5) Duncan has been very transparent in his office of a king & he is virtuous; his killing would invite divine retribution.

6) Macbeth finds no reason to kill Duncan except for his own 'vaulting ambition'.

Let us now examine some of his late responses in ACT 5 when he is a 'tyrant', deserted by his nobles, and strongly opposed by Macduff, Malcolm and others:

a) " I have liv'd long enough: my way of life

Is fall'n into the sear, the yellow leaf:

And that which should accompany old age'

As honour, love, obedience, troops of friends,

I must not look to have........." (act5 sc.3)

Macbeth is tired of his life, as if living on extra time; he knows the autumnal degeneration having set in, and admits that he does not deserve what a good old man hopes to get. He is pitiable, but still self-respecting.

b)  " I have almost forgot the taste of fears.

The time has been, my senses would have cool'd

To hear a night-shriek, and my fell of hair

Would at a dismal treatise rouse and stir

As life were in 't. I have supp'd full with horrors. (V.v)

Once again Macbeth is gloomy and introspective, looking back into the past & looking at his present anaesthetised state of mind.

c)  " To-morrow, and to-morrow, and to-morrow,

Creeps in this petty pace from day to day,

To the last syllable of recorded time;

And all our yesterdays have lighted fools

The way to dusty death. Out, out, brief candle!
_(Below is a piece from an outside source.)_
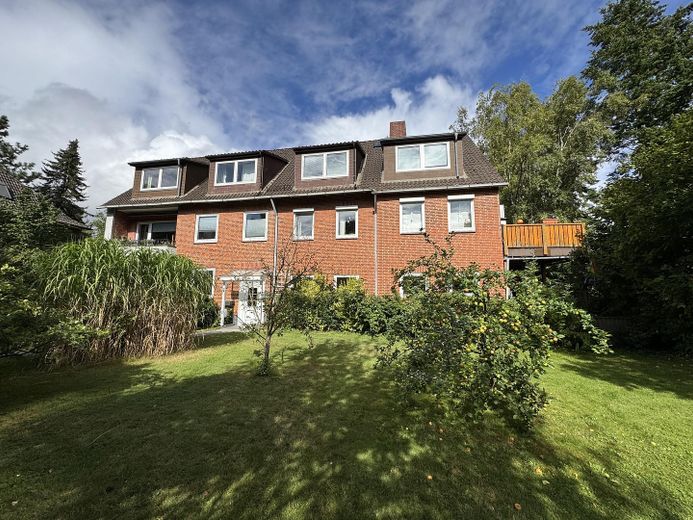 Hamburg: Vollvermietetes Mehrfamilienhaus – 515 m² für 2.815 €/m² – Faktor 28,36 – provisionsfrei – Gartenansicht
Life's but a walking shadow, a poor player

That struts and frets his hour upon the stage

And then is heard no more; it is a tale

Told by an idiot, full of sound and fury,

Signifying nothing ".  (V.v)

The news of Lady Macbeth's death breeds in Macbeth a deep sense of melancholy pessimism, a sense of futility of human life and endeavour. He is more of an existentialist philosopher than a mere tyrant or a killer.

Soon Macbeth goes down to defeat and death, but not without some dignity and self-respect. He refuses to submit to Malcolm and agrees to fight Macduff till death though he realises how the 'juggling fiends' have worked for his undoing.